The National Food Authority (NFA) in Bohol is now limiting the distribution of its rice supply to retailers amid uncertainty in the agency’s future role in the nation’s food security.
According to NFA Bohol manager Ping Evasco, the agency’s central office directed them to limit the sale of the subsidized rice varieties as the Rice Tariffication Bill awaits President Duterte’s approval or veto.
“We received instruction from central office to calibrate our sale, considering the situation of NFA nga nag-huwat pa ta para sa unsa g’yuy dangatan sa Senate Bill 1998 or the Rice Tariffication Bill,” Evasco said.
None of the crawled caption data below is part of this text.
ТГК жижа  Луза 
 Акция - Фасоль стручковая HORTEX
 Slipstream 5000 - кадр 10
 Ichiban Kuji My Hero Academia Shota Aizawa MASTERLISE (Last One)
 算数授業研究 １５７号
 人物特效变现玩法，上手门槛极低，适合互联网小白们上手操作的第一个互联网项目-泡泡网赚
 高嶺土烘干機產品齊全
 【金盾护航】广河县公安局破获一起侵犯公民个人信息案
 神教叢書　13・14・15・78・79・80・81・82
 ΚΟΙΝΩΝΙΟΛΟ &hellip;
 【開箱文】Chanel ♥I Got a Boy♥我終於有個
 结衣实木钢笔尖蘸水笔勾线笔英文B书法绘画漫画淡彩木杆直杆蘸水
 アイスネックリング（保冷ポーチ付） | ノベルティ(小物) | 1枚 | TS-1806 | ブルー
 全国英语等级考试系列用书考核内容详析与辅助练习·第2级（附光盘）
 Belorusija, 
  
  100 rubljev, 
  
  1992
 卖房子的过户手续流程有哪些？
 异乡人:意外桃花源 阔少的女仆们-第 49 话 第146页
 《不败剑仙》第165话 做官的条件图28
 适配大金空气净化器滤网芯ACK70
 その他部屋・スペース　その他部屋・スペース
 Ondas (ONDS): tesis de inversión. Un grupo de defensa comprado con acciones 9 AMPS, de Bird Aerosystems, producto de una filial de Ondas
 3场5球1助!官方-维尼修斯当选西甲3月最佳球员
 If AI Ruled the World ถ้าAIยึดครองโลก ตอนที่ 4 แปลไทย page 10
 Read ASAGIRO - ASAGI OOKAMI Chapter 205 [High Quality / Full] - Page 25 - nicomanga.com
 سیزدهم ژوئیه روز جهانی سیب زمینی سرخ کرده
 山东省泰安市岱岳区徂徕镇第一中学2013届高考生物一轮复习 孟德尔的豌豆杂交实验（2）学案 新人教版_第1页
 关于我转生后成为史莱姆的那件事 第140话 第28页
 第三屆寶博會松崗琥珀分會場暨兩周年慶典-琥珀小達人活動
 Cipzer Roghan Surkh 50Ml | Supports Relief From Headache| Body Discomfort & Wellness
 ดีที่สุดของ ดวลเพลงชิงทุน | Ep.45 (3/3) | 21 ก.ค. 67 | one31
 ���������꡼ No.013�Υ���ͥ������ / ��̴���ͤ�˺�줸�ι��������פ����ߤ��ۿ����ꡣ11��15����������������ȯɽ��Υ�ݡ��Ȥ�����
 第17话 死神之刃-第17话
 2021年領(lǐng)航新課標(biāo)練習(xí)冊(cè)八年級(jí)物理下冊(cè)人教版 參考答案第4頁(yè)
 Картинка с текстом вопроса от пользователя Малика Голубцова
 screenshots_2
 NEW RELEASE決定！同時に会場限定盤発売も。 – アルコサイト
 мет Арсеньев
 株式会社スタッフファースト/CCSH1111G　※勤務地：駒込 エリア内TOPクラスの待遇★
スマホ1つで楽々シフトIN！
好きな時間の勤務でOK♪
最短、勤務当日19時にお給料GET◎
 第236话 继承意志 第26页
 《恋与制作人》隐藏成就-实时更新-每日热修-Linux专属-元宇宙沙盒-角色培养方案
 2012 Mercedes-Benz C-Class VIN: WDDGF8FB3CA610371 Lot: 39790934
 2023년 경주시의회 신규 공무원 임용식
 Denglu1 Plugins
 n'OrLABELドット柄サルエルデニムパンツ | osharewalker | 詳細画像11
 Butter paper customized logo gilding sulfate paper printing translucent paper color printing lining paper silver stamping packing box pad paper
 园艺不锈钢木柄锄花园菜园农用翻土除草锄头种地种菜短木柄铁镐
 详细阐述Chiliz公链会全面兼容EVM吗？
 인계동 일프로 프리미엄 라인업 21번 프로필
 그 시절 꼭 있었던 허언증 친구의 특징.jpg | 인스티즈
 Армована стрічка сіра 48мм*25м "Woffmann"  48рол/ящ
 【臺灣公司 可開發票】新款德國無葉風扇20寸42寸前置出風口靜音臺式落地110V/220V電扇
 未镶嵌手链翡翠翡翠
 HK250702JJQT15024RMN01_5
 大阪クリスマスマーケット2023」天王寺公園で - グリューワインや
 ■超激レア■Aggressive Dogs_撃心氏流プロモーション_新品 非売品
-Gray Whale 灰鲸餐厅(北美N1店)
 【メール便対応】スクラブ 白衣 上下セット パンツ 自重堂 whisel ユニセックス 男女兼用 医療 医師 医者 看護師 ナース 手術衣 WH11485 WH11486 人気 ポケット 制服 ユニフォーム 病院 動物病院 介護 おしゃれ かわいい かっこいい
Last month, the Senate transmitted to the Office of the President the harmonized version of Senate Bill 1998 and House Bill 7735, or an “Act Replacing the Quantitative Import Restrictions on Rice with Tariffs, Lifting the Quantitative Export Restrictions.”
The NFA, if the bill is enacted, would be relegated to keeping buffer stock for emergency purposes and buying unmilled rice from farmers.
“Under the said bill, if ever if ever it will be enacted into law, ang NFA will be reduced to a buffer-stocking agency,” Evasco said.
The agency will no longer be able to import and consequently distribute subsidized rice varieties.
“So it will be the commercial sector na nga maoy nay mopadagan sa industriya sa bugas wala nay intervention ang gobyerno through NFA,” she added.
Earlier this month, 32,000 sacks of NFA rice which were imported from Thailand were shipped to Bohol.
Evasco noted that the delivery was the last NFA rice shipment for 2019, and possibly the last while the pending legislation is implemented.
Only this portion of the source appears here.